What I would first say about this movie is it’s definitely not for the faint hearted (me included!). I was struggling to keep myself from barfing at gory scenes – at one point, I barfed just a bit.
Despite the gory details that were about 75% of the movie, I managed to learn a thing or two about survival skills. First being, do not put yourself in the uncharted wilderness because nothing good comes out of it. Second is bear fur makes super comfy brutal winter coat. Keyword: brutal – not for any other winter condition. I’m an animal rights advocate but honestly, Leornardo looked like he was having a ball with a mother bear coat hung on him in the blizzard cold.

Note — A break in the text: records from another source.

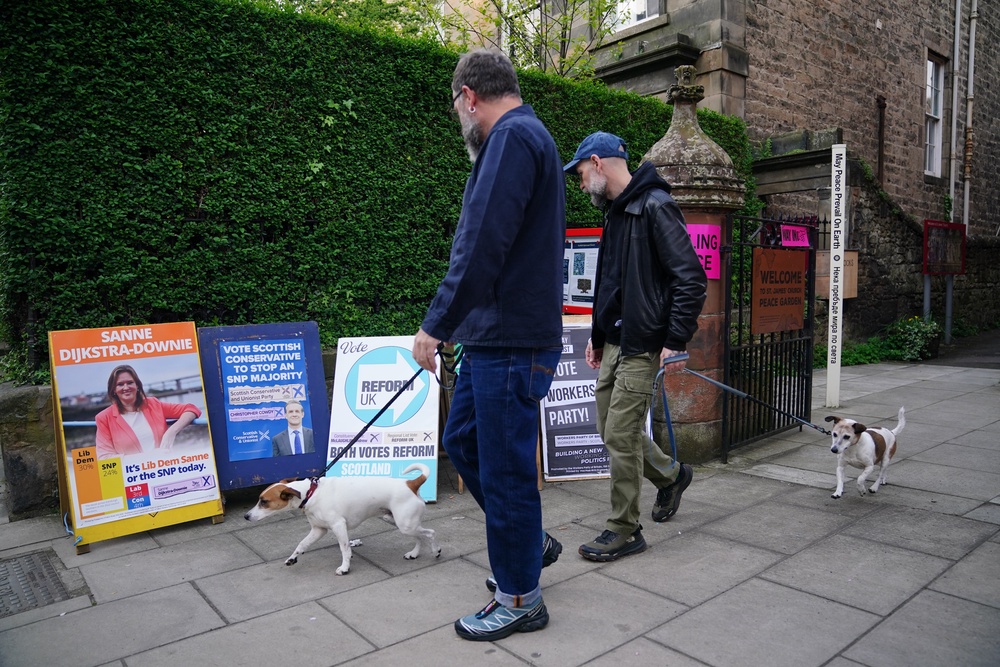 St James’ Church became puppy central as voters brought their four-legged friends along for the day (PA)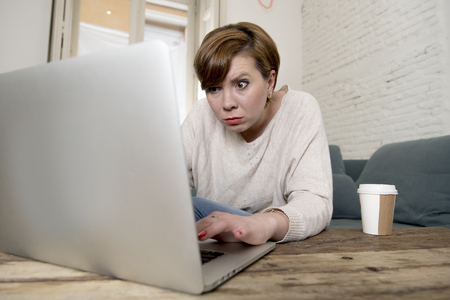 young attractive and busy woman at home sofa couch doing some laptop computer work in stress looking worried in entrepreneur lifestyleの写真素材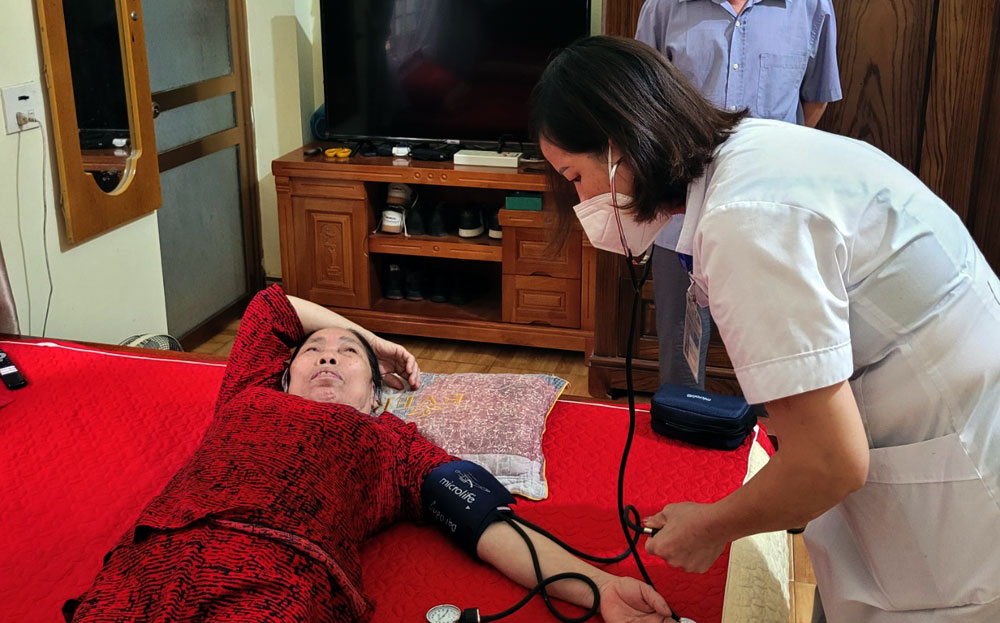 Cán bộ Trạm Y tế xã Đại Đồng, huyện Yên Bình kiểm tra sức khỏe cho bệnh nhân tại nhà.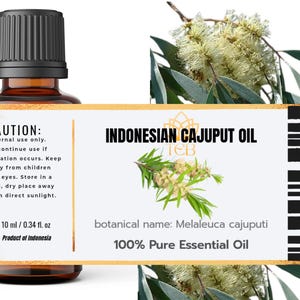 May include: A 10 ml amber glass bottle of Indonesian Cajuput Oil with a black cap. The label features the text INDONESIAN CAJUPUT OIL, 100% Pure Essential Oil, botanical name: Melaleuca cajuputi, and caution instructions with a 0.34 fl. oz volume.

I’m more of a conversation type of movie go-er and this movie has Leonardo spoken 150 lines tops! The lines were pretty repetitive – “I am right here”, “You are my son”, “I’ll be right here” – so it was kinda meh. The storyline was normal in my opinion, nothing different. What made up for these lack thereof is really the gory details that made me cringed – Tom Hardy’s fingers were chopped off by an axe. Spoilers!
Another major part of the movie that really did it for me is eating raw meat off the animals. Oh lord, I can’t even! It’s like telling the waiter in the resto that I want my steak BREATHING instead of medium rare. All that time, I wonder how their mouths smelt like, with a notorious combination of raw meat and blood and no latte to wash it down – it’s no wonder I wasn’t born then!
Brutal winter tip guys – all else fail, just snugged yourself in a horse to keep you warm. Before you do that though, remember to remove ALL its inner body parts first. Too bad there’s only room for one. If you are travelling with two, better to get another horse.
After the movie, I asked myself, “Why did I do that to myself?”